Data supplied:

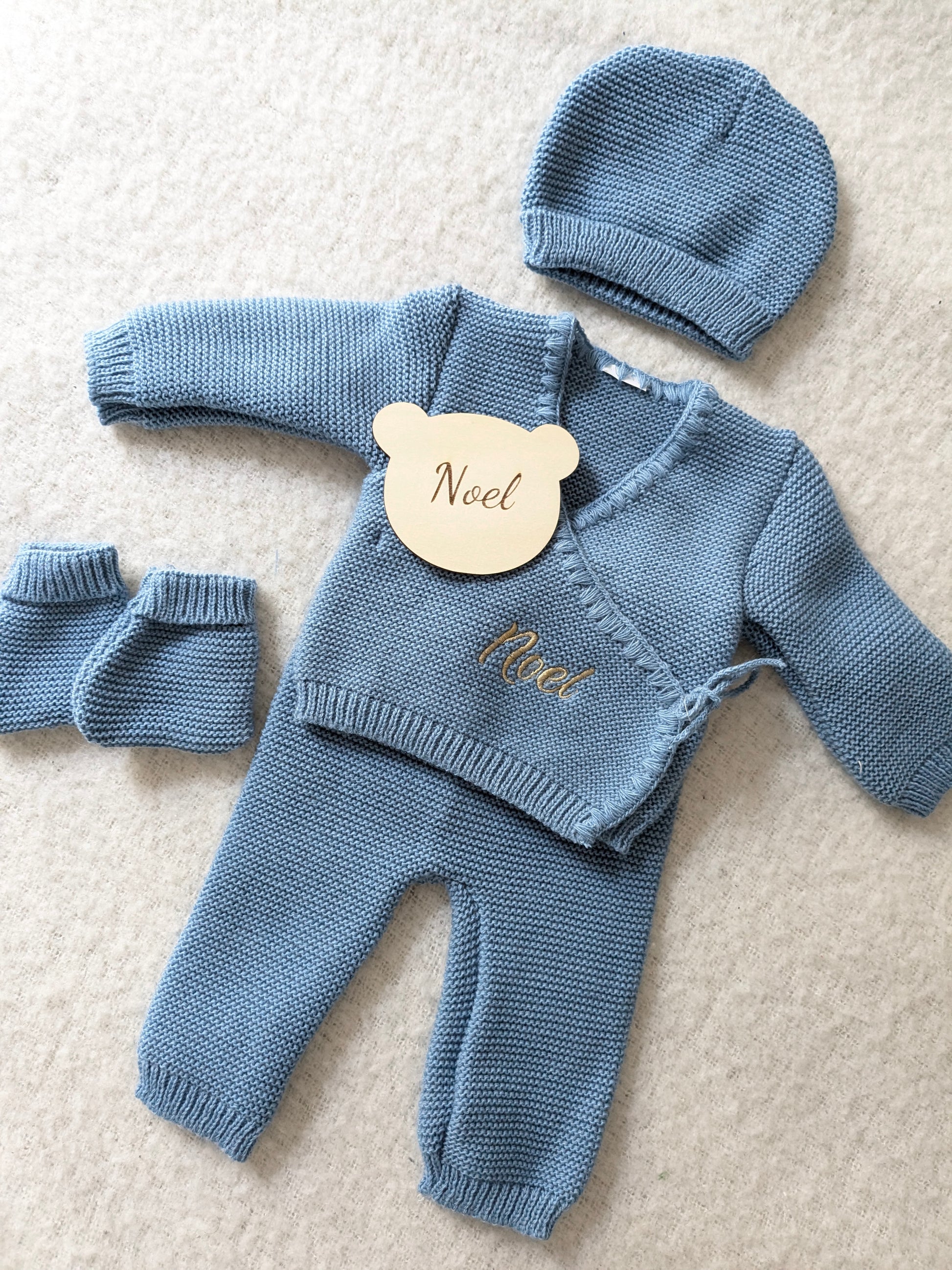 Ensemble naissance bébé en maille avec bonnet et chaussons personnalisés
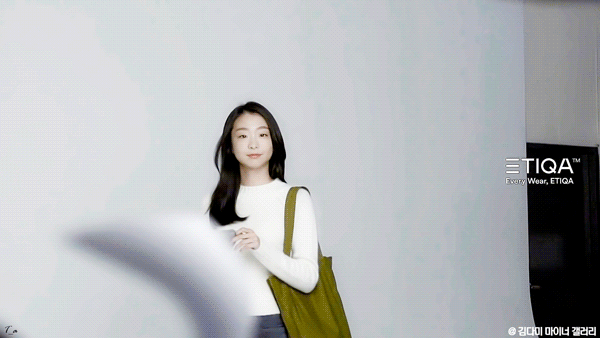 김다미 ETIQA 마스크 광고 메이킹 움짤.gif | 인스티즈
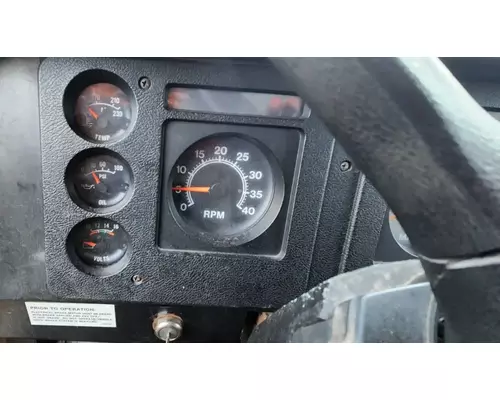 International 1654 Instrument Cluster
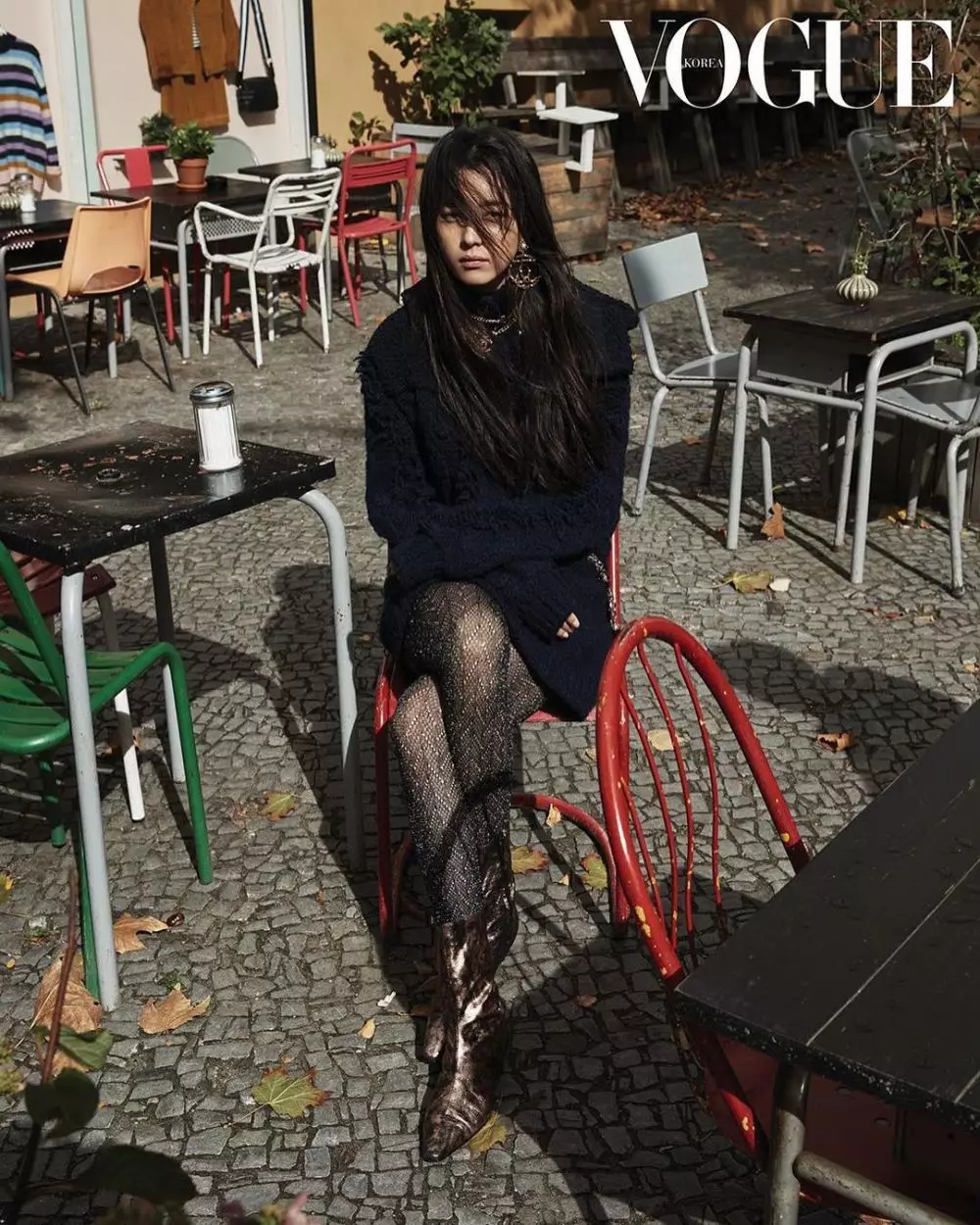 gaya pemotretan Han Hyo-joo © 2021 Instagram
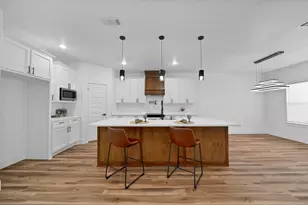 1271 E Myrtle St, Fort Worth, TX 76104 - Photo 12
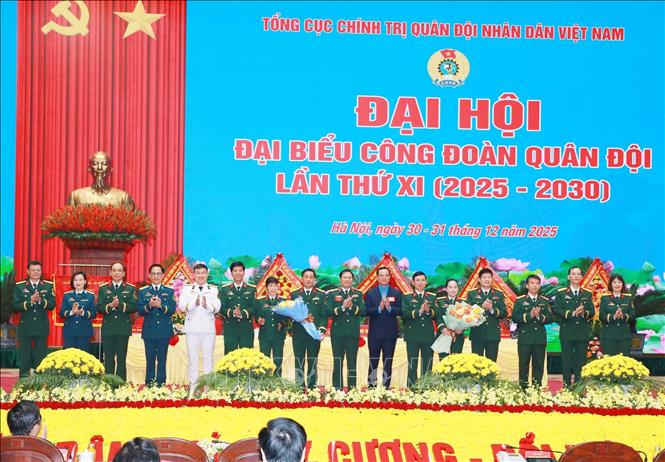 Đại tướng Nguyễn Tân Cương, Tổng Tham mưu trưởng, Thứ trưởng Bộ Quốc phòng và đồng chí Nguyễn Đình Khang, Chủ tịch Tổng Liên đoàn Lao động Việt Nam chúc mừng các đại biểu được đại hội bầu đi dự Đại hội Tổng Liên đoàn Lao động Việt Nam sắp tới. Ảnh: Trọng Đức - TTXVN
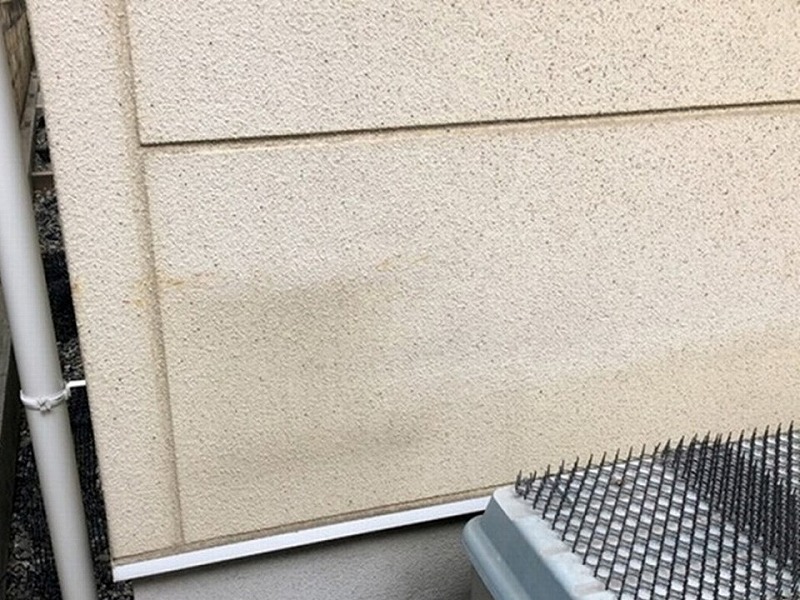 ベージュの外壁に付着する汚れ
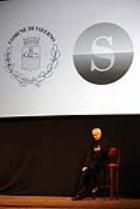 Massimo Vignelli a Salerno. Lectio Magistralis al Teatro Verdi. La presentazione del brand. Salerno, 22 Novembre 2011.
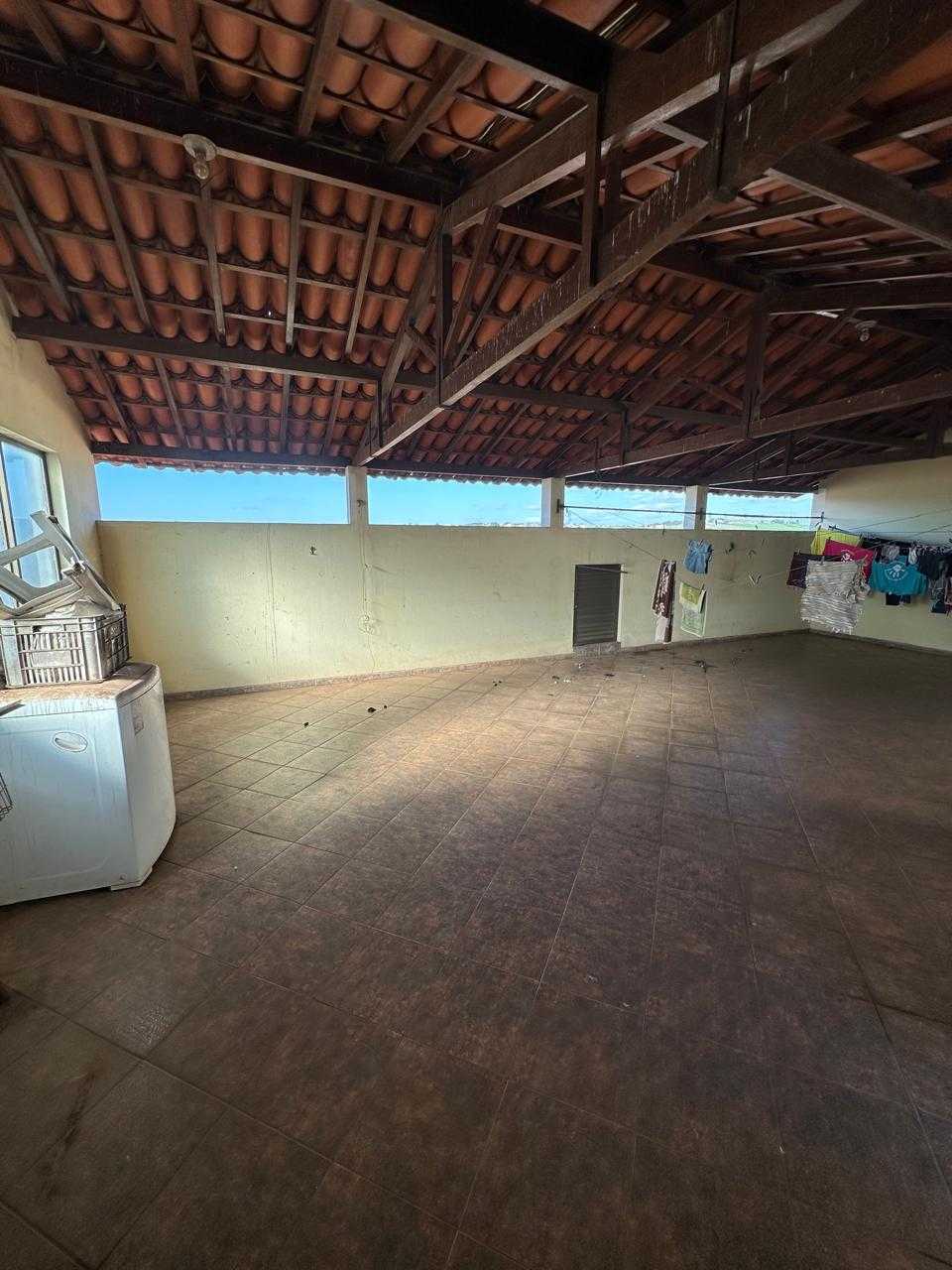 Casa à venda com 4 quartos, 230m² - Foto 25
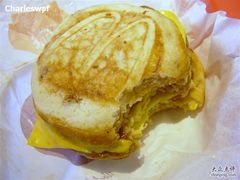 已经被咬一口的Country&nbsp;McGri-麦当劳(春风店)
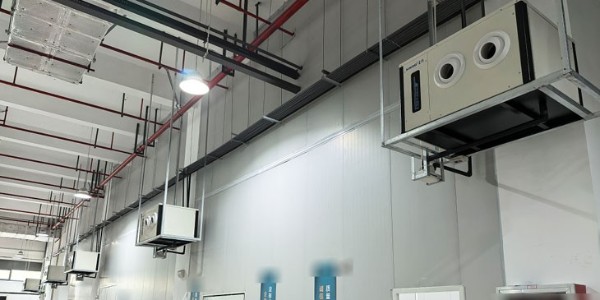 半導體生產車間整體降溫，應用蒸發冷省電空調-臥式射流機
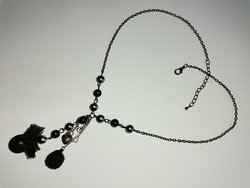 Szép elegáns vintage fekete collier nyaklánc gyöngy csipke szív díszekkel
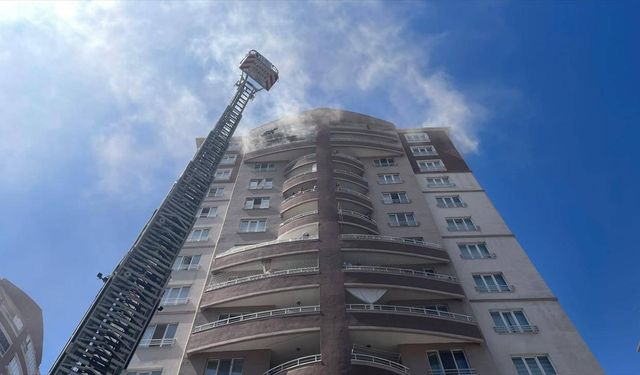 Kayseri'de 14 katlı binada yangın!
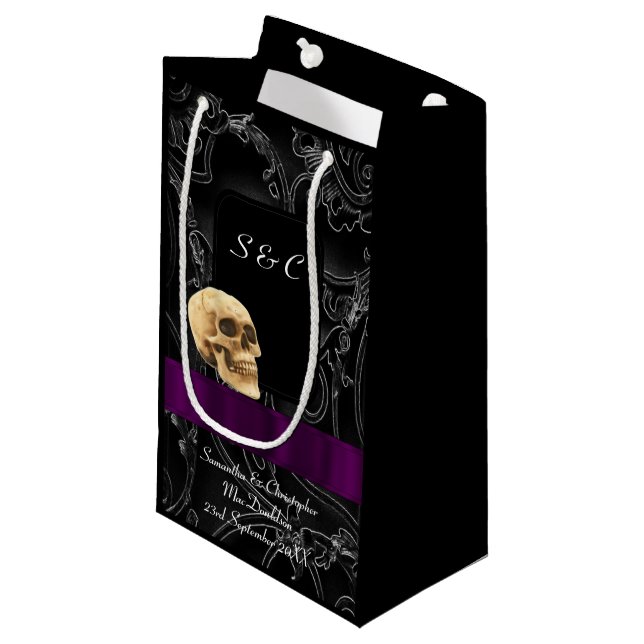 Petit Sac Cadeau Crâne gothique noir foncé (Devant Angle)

Exercise:
What do the lines above say from the line containing "已经被咬一口的Country&nbsp;McGri-麦当劳(春风店)" through the last line? Quote them exactly, both ends included, and leave out the pictures.

Task response:
 已经被咬一口的Country&nbsp;McGri-麦当劳(春风店)
 半導體生產車間整體降溫，應用蒸發冷省電空調-臥式射流機
 Szép elegáns vintage fekete collier nyaklánc gyöngy csipke szív díszekkel
 Kayseri'de 14 katlı binada yangın!
 Petit Sac Cadeau Crâne gothique noir foncé (Devant Angle)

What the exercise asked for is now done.